Nallıhan’dan, bir karaçam... Ankara Kültür ve Tabiat Varlıklarını Koruma Bölge Kurulu 83 kardeşiyle birlikte ağacı kayıt altına aldı. Korunacak artık.
Nallıhan’da, üzerine düşen yıldırımlara, ötesi “Baltalar elimizde, uzun ip belimizde, biz gideriz ormana” diye çığıran/çağıran çocuk şarkısıyla büyüyen “insan”lara rağmen tam 1071 yılı geride bıraktı o karaçam. Benim de aklıma çok uzaklardaki bir kardeşi geldi. Büyük Sahra çölünün ortasında, Nijer’de Tenere bölgesi. Koca çölün ortasında bir akasya ağacı vardır. O akasyaya en yakın ağaç ise 400 kilometre çaplı bir dairenin dışındadır. Neredeyse Ankara ve İstanbul’u içine alan bir daire düşünün, o dairenin içindeki tek ağaç o akasyadır Büyük Sahra’da. Tek başına ayaktadır.
Yüzyıllar boyunca kervanlar orada konaklar.

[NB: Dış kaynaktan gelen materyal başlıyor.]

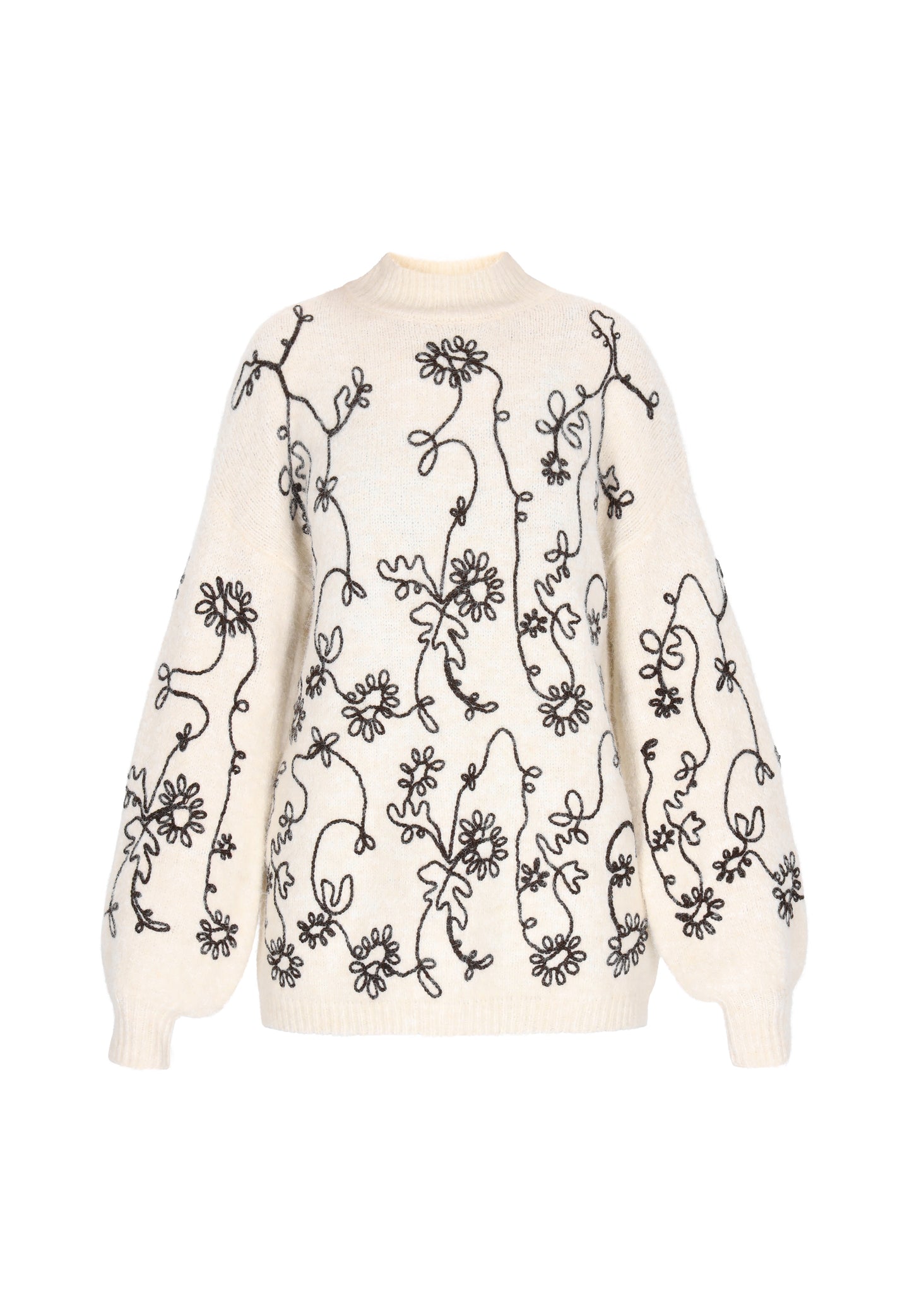 usha FESTIVAL Women's Sweater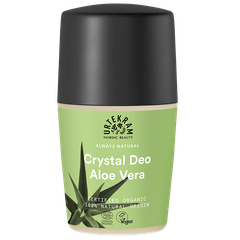 Afbeelding 1 voor Roll-on Deo Crystal Aloe Vera - 50ml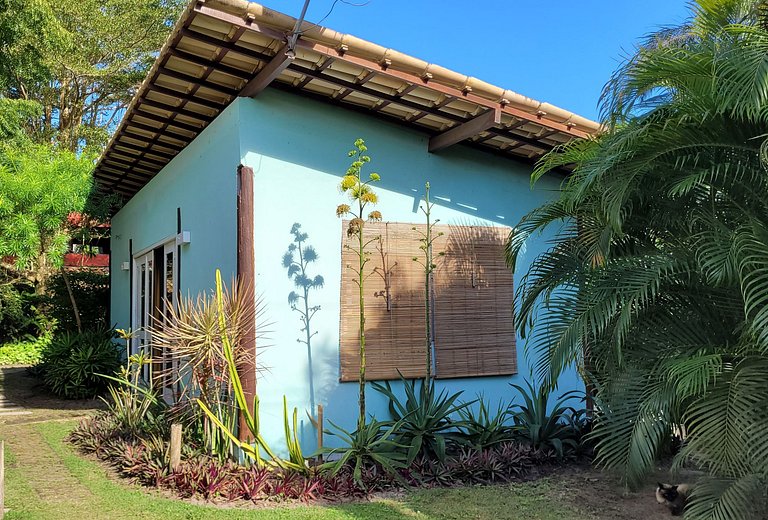 Loft Aruna - Península de Maraú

Göçebe tuaregler kutsal sayar o ağacı. Develer bile dallarına dokunmaz, yapraklarını yemez. Bilimadamları araştırır, çok eski, belki tarih öncesi bir ormandan kalan son ağaç olduğunu düşünürler. Üç metre boyundaki ağacın kökleri, 36 metre derine iner. Yaşam özsuyunu o sayede alır. Derinden alır, yüzeyde yaşamaya çabalar... 1973 yılında bir kamyon çarpar ve dibinden kırarak o yapayalnız ağacı öldürür. Ölü ağaç taşınarak, Nijer Ulusal Müzesi’ne konulur. Evet, müzeye... Sadece gövdesiyle değil, hikayesiyle de varolduğu için.
Bu olay iki şeyi anlatıyor bana: Günümüzde yaşadığımız çevre sorunları nedeniyle, yaşayan doğanın giderek müzelik olduğunu. İkincisi ise aslında o yalnız ağacın bambaşka bir şeyi simgelediğini. Her gün yok olan, yitirilen doğal, çevresel, kültürel değerlerle giderek yalnızlaşan insanın akıbetini... Ötesi, o ağaç gibi derinlere inemeyen insanın.